SYSTEM_DESIGN

System Design: Returns & Refunds System

System design of a returns and refunds system handling return authorization, refund processing, reverse logistics, and fraud detection for e-commerce platforms.

16 min readUpdated Jan 15, 2025
system-designreturnsrefundsreverse-logistics

Requirements

Functional Requirements:

  • Customers initiate returns with reason selection and optional photo evidence
  • Return authorization (RMA) with printable shipping labels
  • Multiple refund methods: original payment, store credit, exchange
  • Automatic refund processing upon warehouse receipt and inspection
  • Return policy engine: configurable rules per product category, seller, and reason
  • Seller-managed returns for marketplace orders

Non-Functional Requirements:

  • Process 500K returns/day across all channels
  • Return initiation to RMA approval under 30 seconds (automated for eligible returns)
  • Refund processing within 24 hours of item receipt at warehouse
  • 99.9% availability for return initiation; 99.99% for refund processing
  • Fraud detection: identify serial returners and wardrobing patterns
  • Audit trail for every return decision and refund transaction

Scale Estimation

500K returns/day = 5.8 returns/sec.

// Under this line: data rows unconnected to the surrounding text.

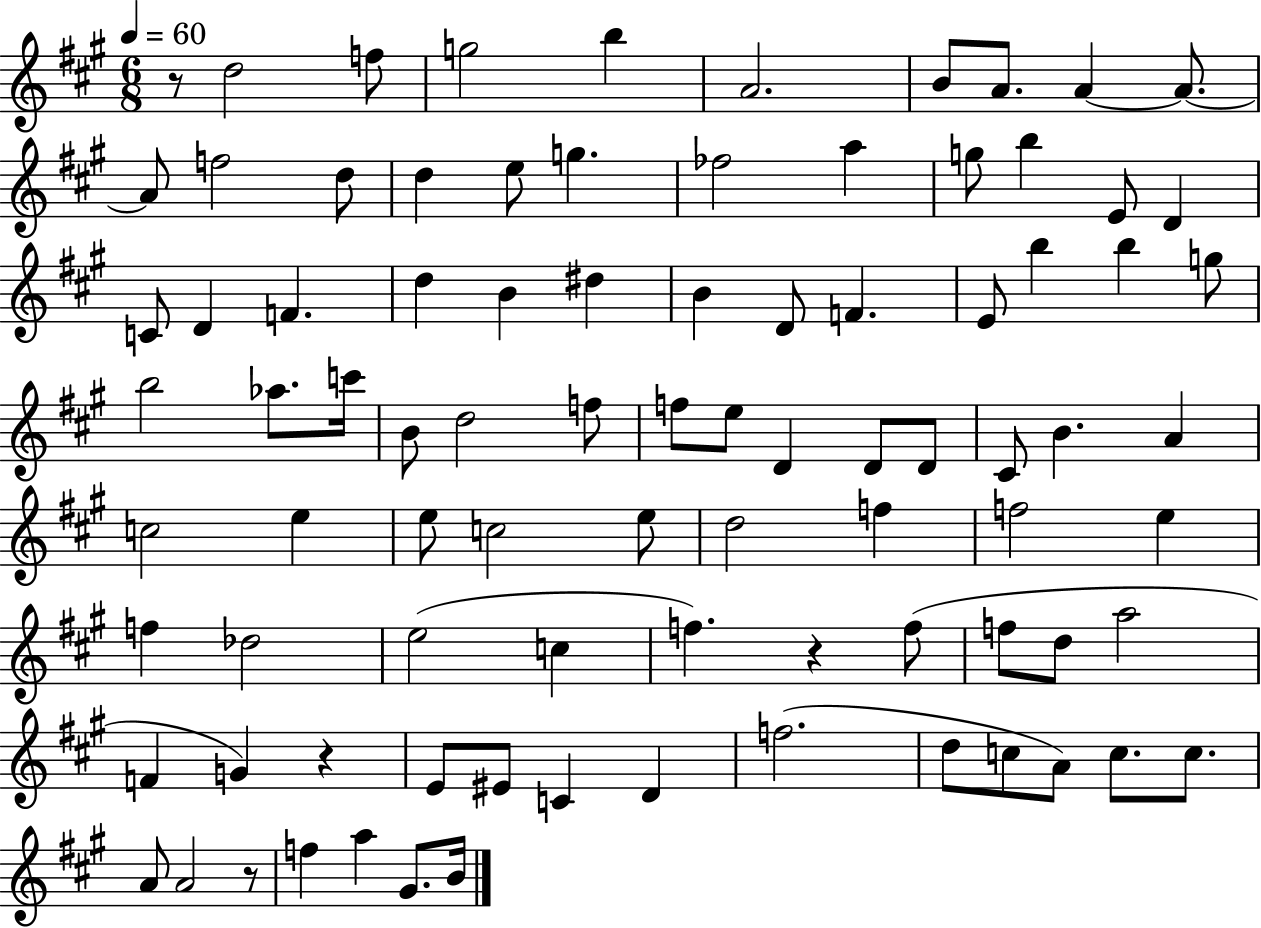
R/e D5/h F5/e G5/h B5/q A4/h. B4/e A4/e. A4/q A4/e. A4/e F5/h D5/e D5/q E5/e G5/q. FES5/h A5/q G5/e B5/q E4/e D4/q C4/e D4/q F4/q. D5/q B4/q D#5/q B4/q D4/e F4/q. E4/e B5/q B5/q G5/e B5/h Ab5/e. C6/s B4/e D5/h F5/e F5/e E5/e D4/q D4/e D4/e C#4/e B4/q. A4/q C5/h E5/q E5/e C5/h E5/e D5/h F5/q F5/h E5/q F5/q Db5/h E5/h C5/q F5/q. R/q F5/e F5/e D5/e A5/h F4/q G4/q R/q E4/e EIS4/e C4/q D4/q F5/h. D5/e C5/e A4/e C5/e. C5/e. A4/e A4/h R/e F5/q A5/q G#4/e. B4/s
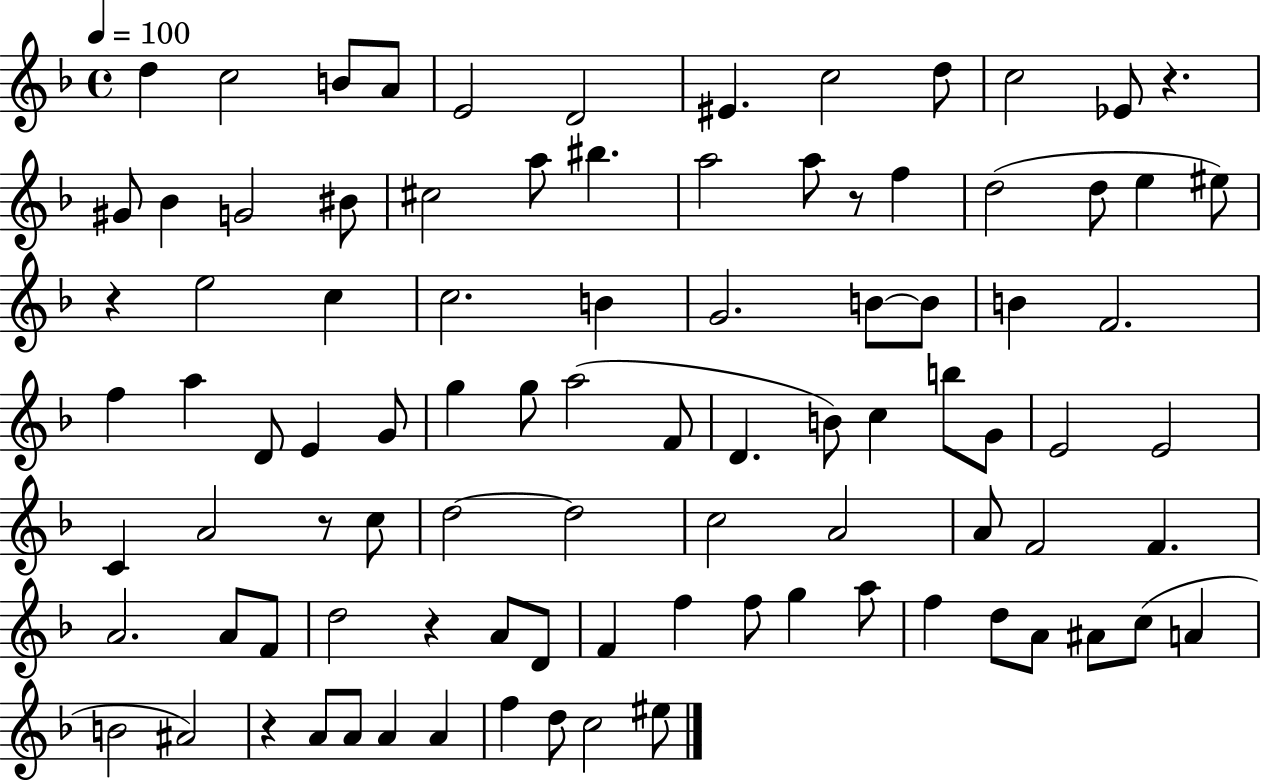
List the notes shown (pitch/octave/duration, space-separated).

D5/q C5/h B4/e A4/e E4/h D4/h EIS4/q. C5/h D5/e C5/h Eb4/e R/q. G#4/e Bb4/q G4/h BIS4/e C#5/h A5/e BIS5/q. A5/h A5/e R/e F5/q D5/h D5/e E5/q EIS5/e R/q E5/h C5/q C5/h. B4/q G4/h. B4/e B4/e B4/q F4/h. F5/q A5/q D4/e E4/q G4/e G5/q G5/e A5/h F4/e D4/q. B4/e C5/q B5/e G4/e E4/h E4/h C4/q A4/h R/e C5/e D5/h D5/h C5/h A4/h A4/e F4/h F4/q. A4/h. A4/e F4/e D5/h R/q A4/e D4/e F4/q F5/q F5/e G5/q A5/e F5/q D5/e A4/e A#4/e C5/e A4/q B4/h A#4/h R/q A4/e A4/e A4/q A4/q F5/q D5/e C5/h EIS5/e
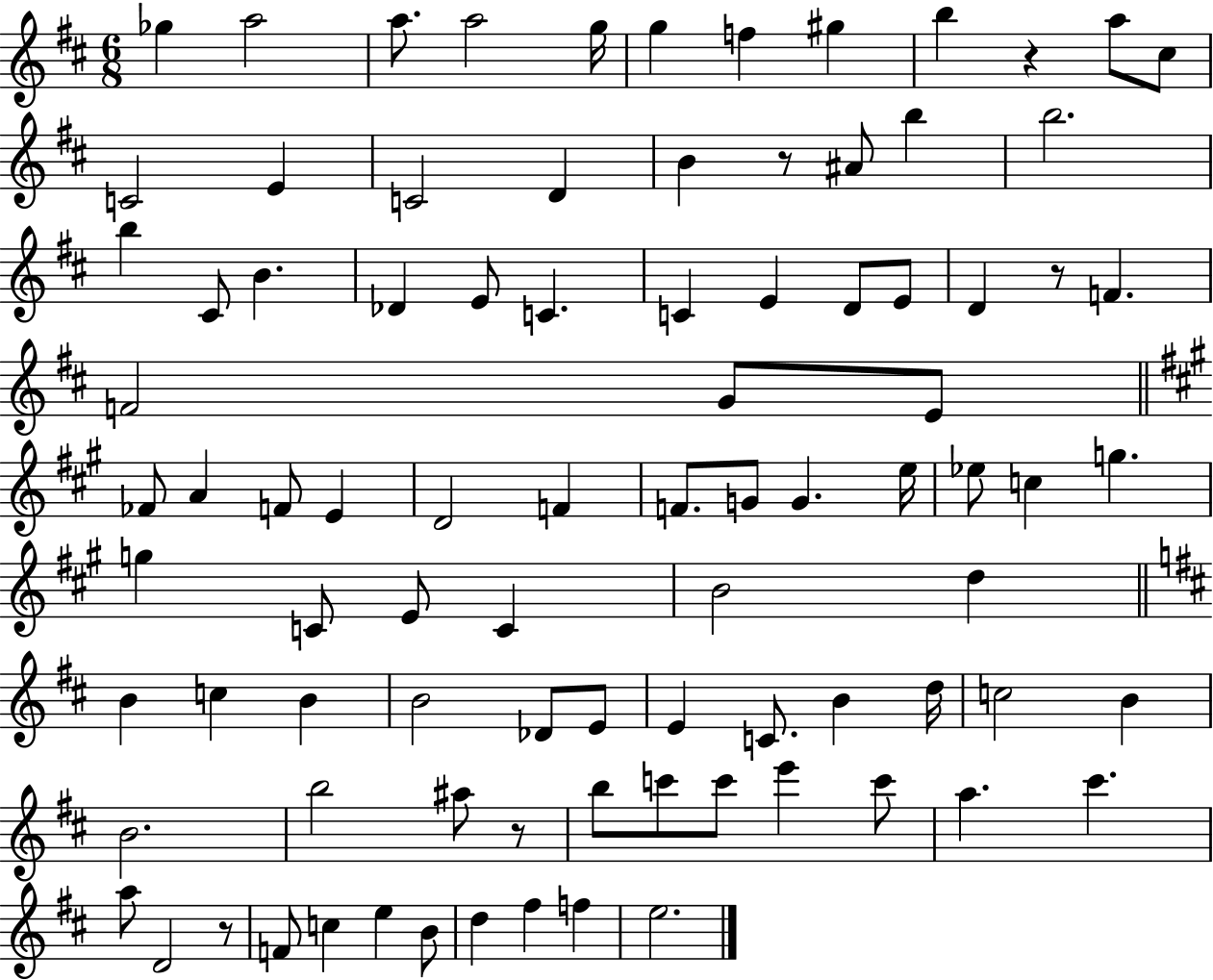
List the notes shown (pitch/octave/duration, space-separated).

Gb5/q A5/h A5/e. A5/h G5/s G5/q F5/q G#5/q B5/q R/q A5/e C#5/e C4/h E4/q C4/h D4/q B4/q R/e A#4/e B5/q B5/h. B5/q C#4/e B4/q. Db4/q E4/e C4/q. C4/q E4/q D4/e E4/e D4/q R/e F4/q. F4/h G4/e E4/e FES4/e A4/q F4/e E4/q D4/h F4/q F4/e. G4/e G4/q. E5/s Eb5/e C5/q G5/q. G5/q C4/e E4/e C4/q B4/h D5/q B4/q C5/q B4/q B4/h Db4/e E4/e E4/q C4/e. B4/q D5/s C5/h B4/q B4/h. B5/h A#5/e R/e B5/e C6/e C6/e E6/q C6/e A5/q. C#6/q. A5/e D4/h R/e F4/e C5/q E5/q B4/e D5/q F#5/q F5/q E5/h.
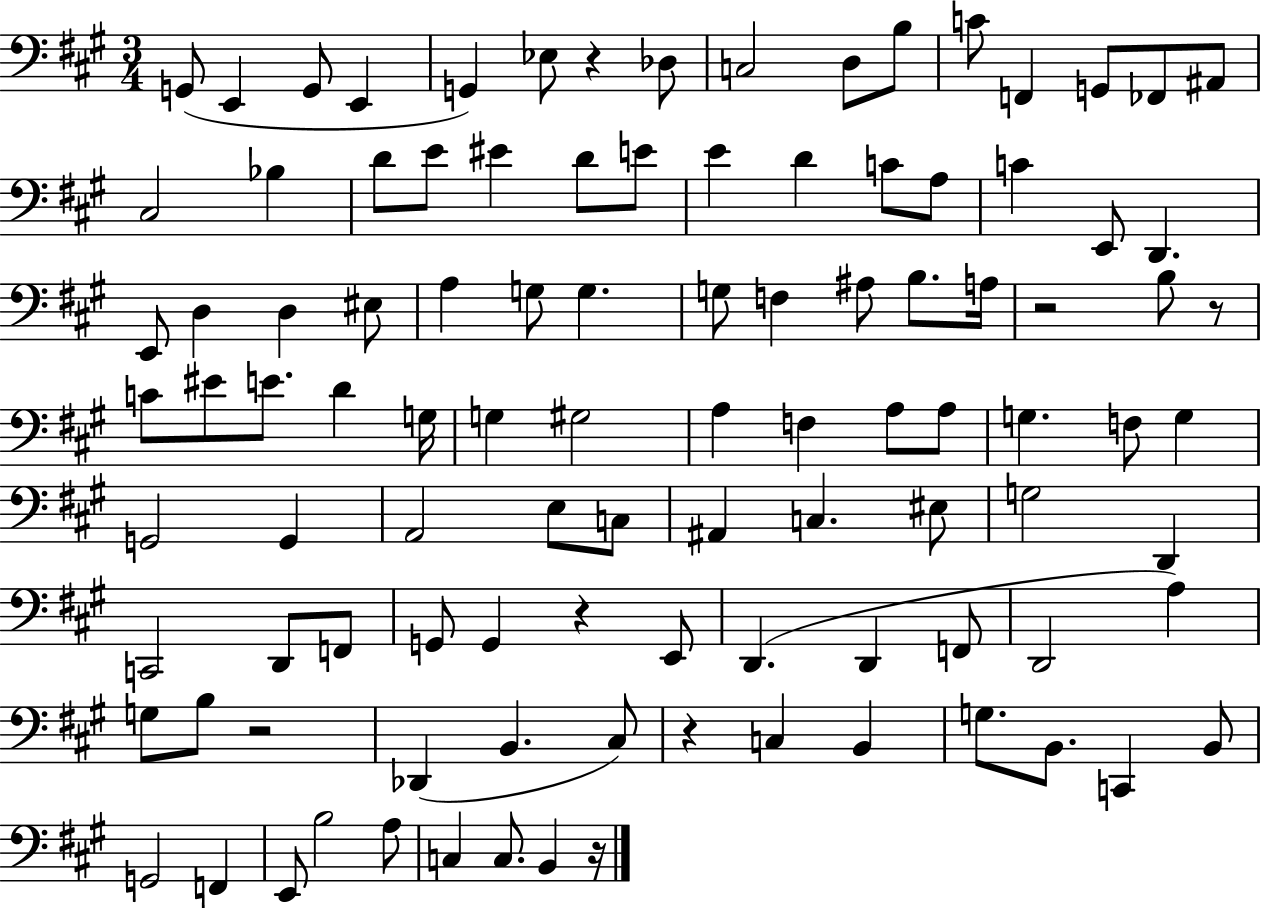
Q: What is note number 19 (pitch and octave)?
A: E4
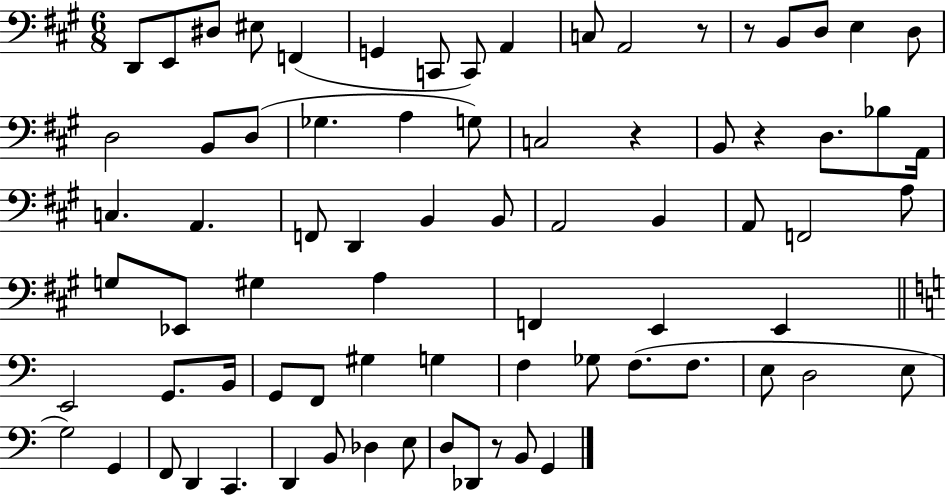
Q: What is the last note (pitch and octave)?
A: G2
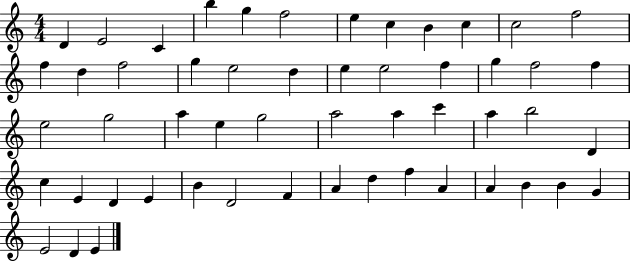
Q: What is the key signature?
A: C major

Each return: 2KB metadata + optional photos (average 2 photos × 500KB = 1MB). RMA decisions: 80% auto-approved = 400K/day processed automatically, 100K/day requiring manual review. Refund transactions: 500K/day = 5.8 TPS. Return shipments: 500K/day, each generating 5-10 tracking events = 3.75M tracking events/day. Historical data: 500K returns/day × 365 = 182.5M returns/year at 2KB = 365GB/year (excluding photos).

High-Level Architecture

The Returns & Refunds system follows an event-driven architecture with three main subsystems: Return Authorization, Reverse Logistics, and Refund Processing. The flow: Customer initiates return via Return Portal → Return Policy Engine evaluates eligibility (auto-approve or route to manual review) → RMA generated with shipping label → Customer ships item → Warehouse receives and inspects → Inspection result triggers Refund Service → Refund processed to original payment method or store credit.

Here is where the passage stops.